No easy answers

August 29, 2017

Early this morning my phone was buzzing with notifications from all the various news apps following the North Korean launch of a missile that crossed over Japan. While this is not unprecedented it does come at a time where the Trump administration is dealing with a seemingly endless list of problems. This morning while driving to the office I flipped between CNBC & Bloomberg and heard a bunch of "experts" discussing what the US needs to do to deal with North Korea. Yesterday driving home they were talking about the difficulties the president will face getting any sort of meaningful tax reform accomplished this year. Prior to that it was health care reform.


There is one common theme with all of these issues -- there are no easy answers. I've been amazed by the parade of clients, either in person or via the phone, all of which a few years ago wanted to take very little risk in their portfolios, declaring their confidence in the stock market. They all see little that can derail the upward trajectory of the S&P 500 and want a piece of it. My warning to them has been the same --- minus a very small group of people that were labeled "crazy" and nearly forced out of the money management business, very few people saw any sort of risk in the market in 2007 or 1999.  In nearly all bear markets the event that starts the selling seems minor at the time and as it evolved turned into something few had expected a few short months earlier.


I may be wrong and the market could continue its march higher the rest of the year and well into next year.
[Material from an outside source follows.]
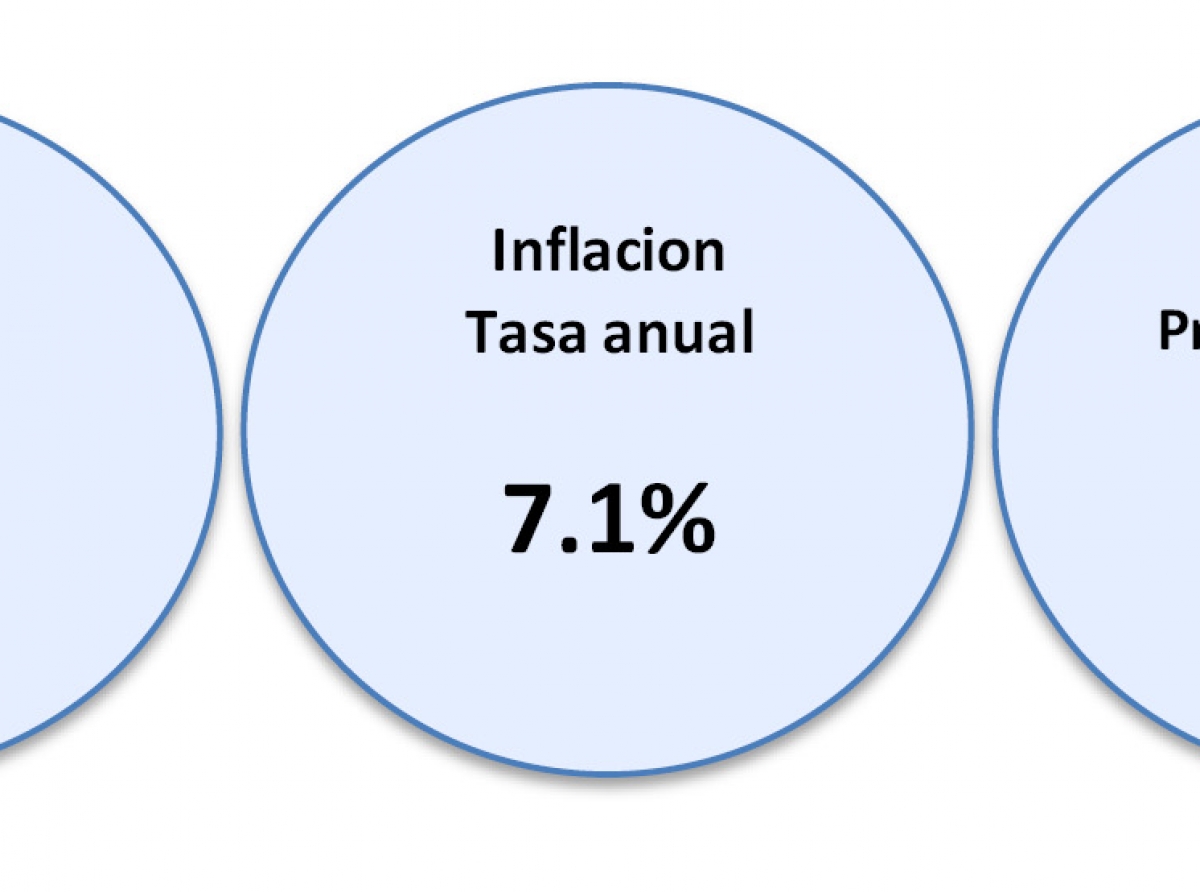 Indice di prijs di consumo na Februari a subi cu 0,8 porciento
However, my experience and study of market history tells me the market will not go straight up forever and we will hit a time where the market losses grow larger than most people can handle (even if they tell us today they can handle them.) When you combine a streak of large losing months or quarters with the negative headlines that will be prevalent during that time, our emotions take over and selling begins to accelerate.


With SEM you get the best of both worlds. We are still exposed to the market in our growth programs, albeit not as much as we were a few months back, but still over 60%. The difference is we are monitoring this exposure DAILY and MONTHLY for signs of weakness and if the models say to get out, we'll get out. No emotions, no guessing.